As a result of these experiences, Mark's vision for Scottish politics is all about the sharing of power.  He hates the Westminster model of politics where there are two opposing sides, where the opposition undermines the government and then, after an election and a change of governing party, they simply swap roles.  He wants a "model of working together based on support and developing ideas".  He would like things to be done the Swedish way, where the other parties support the Executive on an issue by issue basis. This is why he thinks that the Green Party should never enter into a coalition government, because in a coalition partnership the smaller party is pressured into supporting the policies of the biggest party.  But he thinks that PR is a much healthier electoral system, as it gives people more choice.

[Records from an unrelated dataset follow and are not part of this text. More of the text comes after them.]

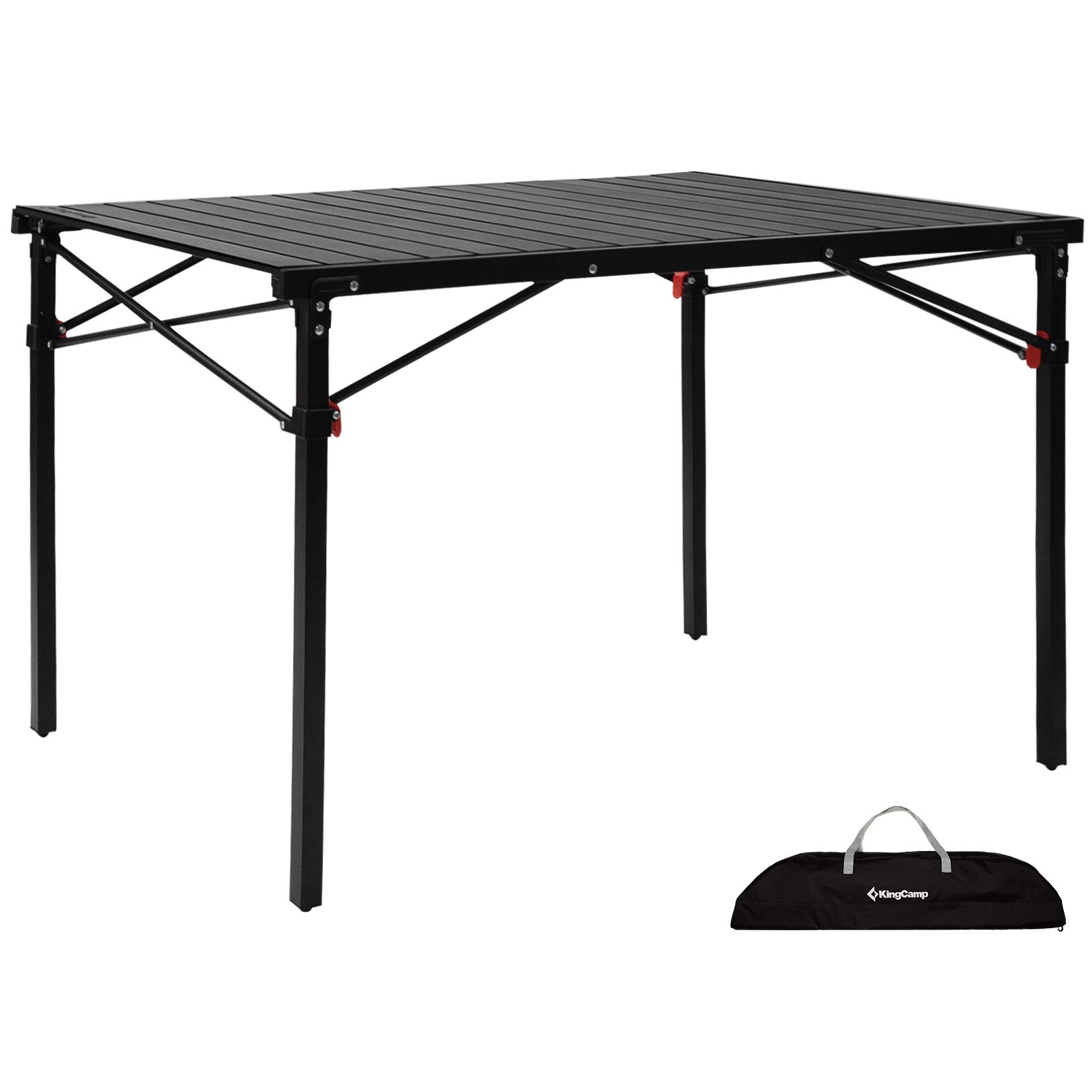 KingCamp Lightweight Aluminum Folding Camping Table - Portable & Sturdy Roll Up Picnic Table for 4-6 People - Perfect for Outdoor Camping, BBQ, Backyard Parties, Beach Trips & Tailgating (Black)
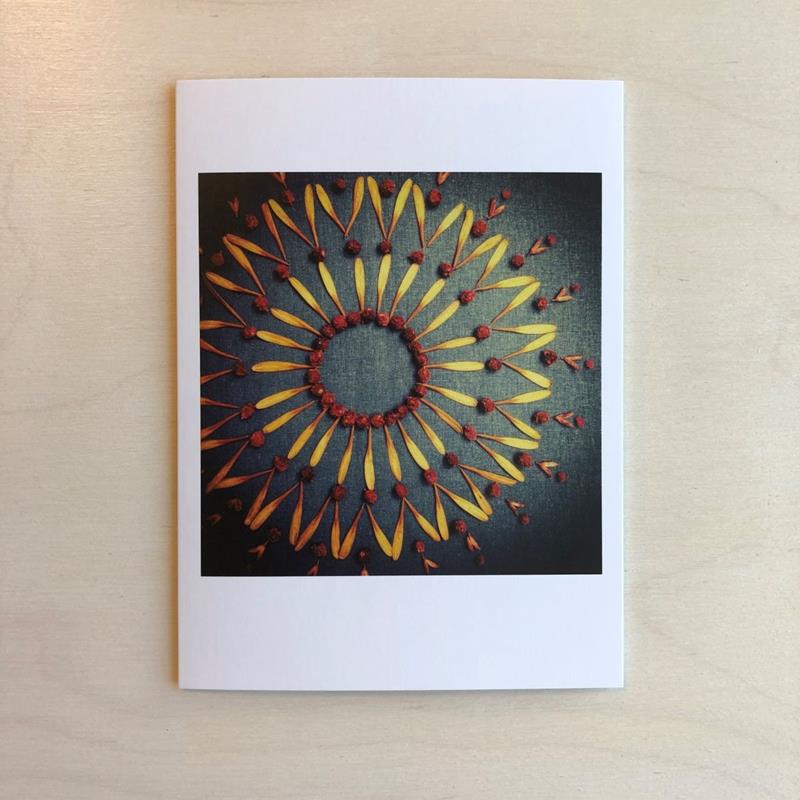 YELLOW AND RED MANDALA CARD,NATURE MANDALA ART,NATURE MANDALA ART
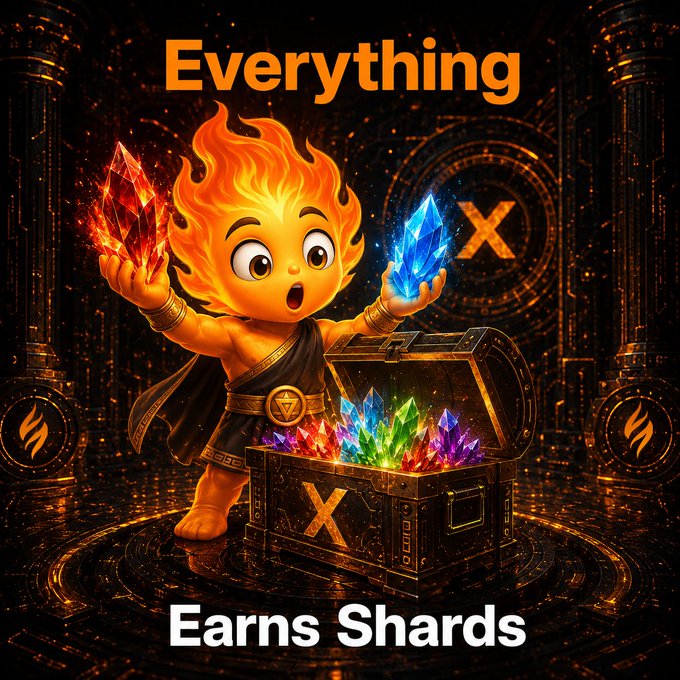 A cartoonish fire elemental character holding red and blue crystals above a treasure chest full of colorful crystals, with text reading 'Everything' and 'Earns Shards' against a dark, ornate background.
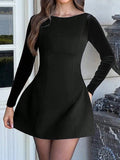 Dili Elegant Wind Solid Long-Sleeved Short Dress Dress Women's Dress 2025 Autumn And Winter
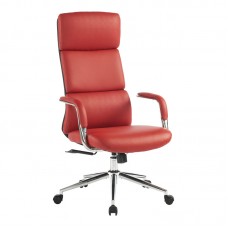 Καρέκλα γραφείου διευθυντή Bendona pakoworld pu σε κόκκινη απόχρωση 71x78x119-127εκ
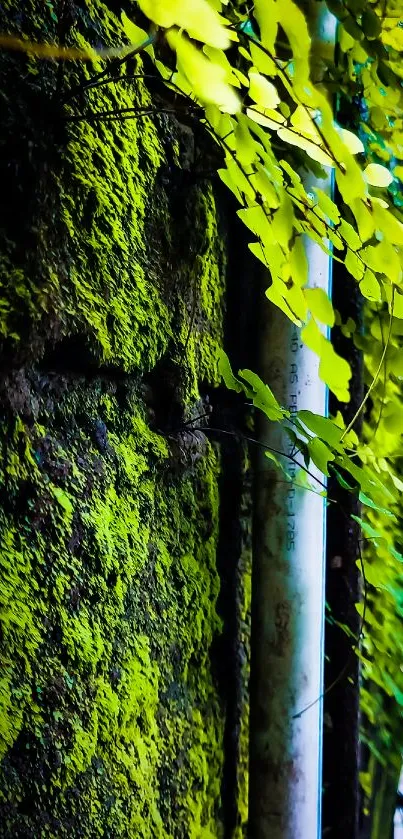 Lush greenery against a textured wall.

He recalled the former MSP John McAllion saying that "his biggest disappointment in the last Parliament was that there were only ever seven different points of view and the final three points of view were only held by one person!".

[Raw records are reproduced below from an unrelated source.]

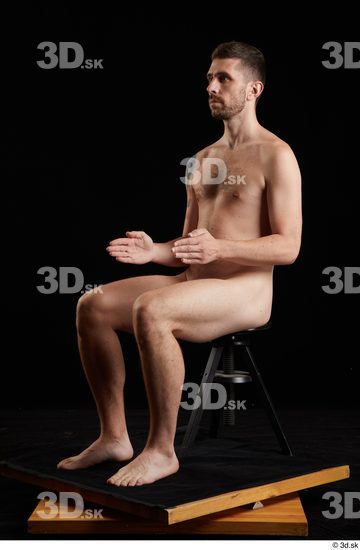 Whole Body Man White Nude Slim Sitting Studio photo references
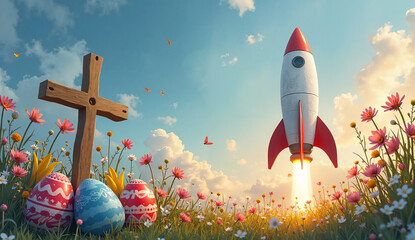 Creative Easter Artwork Featuring a Rocket Launch, Cross, and Colorful Eggs – Perfect for Holiday Promotions and Branding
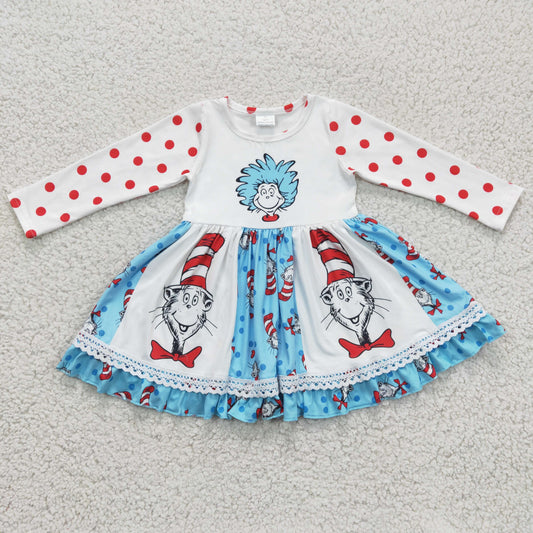 Cartoon reading patchwork Dresses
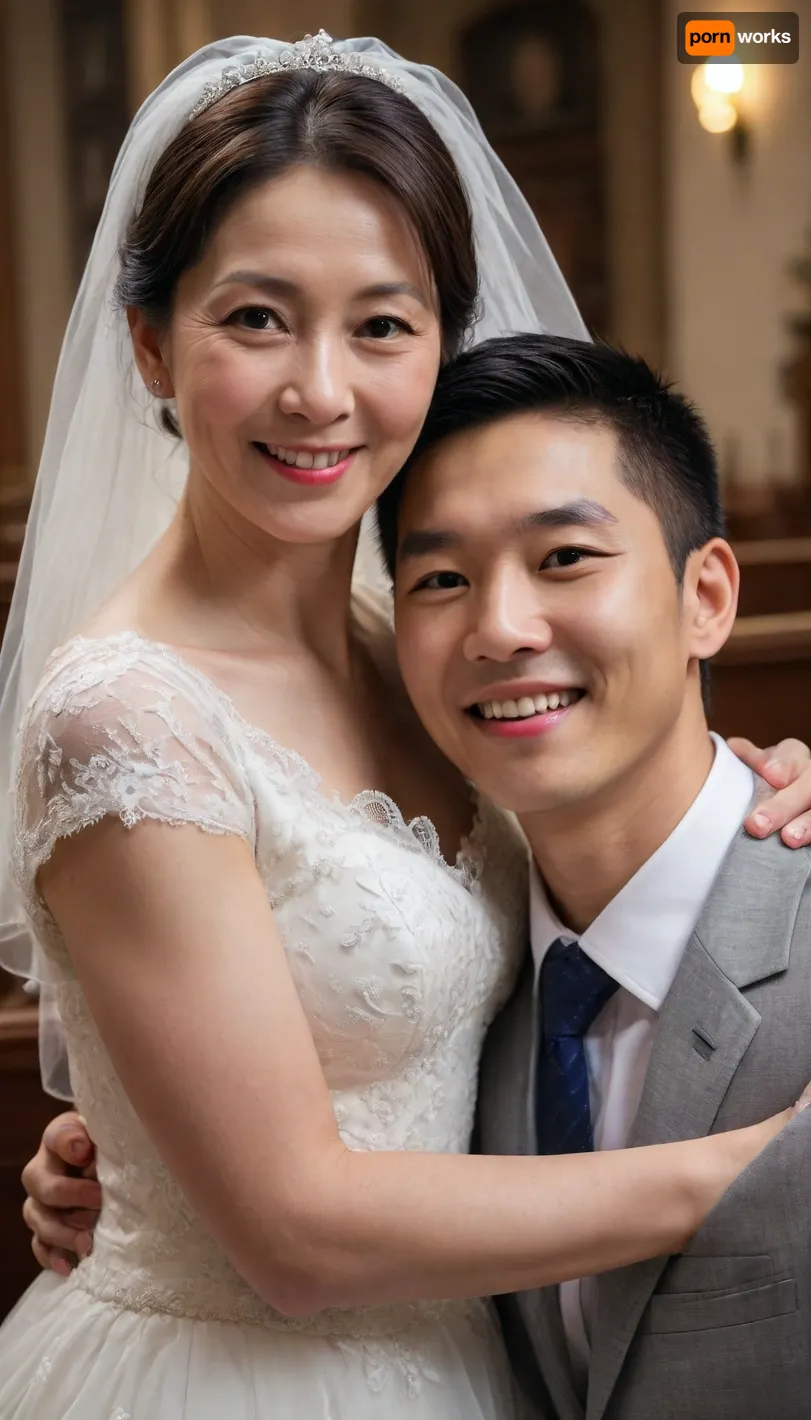 (woman mature:1.9), Asian, korean, korean 1girl and 1boy, Fond mother and son, Smile, family photo, happy family, (60yo Korean milf mom and son high school student), divorced family mom and son, hairson love mom, broken families, son high school student, cute Smile son, son tiny high school student, son high school student short hair, mother's son in the family, single-parent family, wedding dress, gorgeous church, veil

Speaking about different points of view, Mark thinks that the churches have a very important role in changing the political culture by recognising the internal diversity that exists within churches and putting forward that diversity as a legitimate response.  By doing so, the churches can play a key role in facilitating multiple points of view and thus prevent people with extreme positions from hijacking proceedings.

When Mark eventually does get to escape from his MSP life of meetings, meetings, meetings and more meetings, he likes to indulge his love of cooking and cycling.  He loves to make and eat Indian food, although "I find that my salary has gone up and my time has gone down, so I find I am eating more and making less".  It's just as well then that cycling is one of his other passions!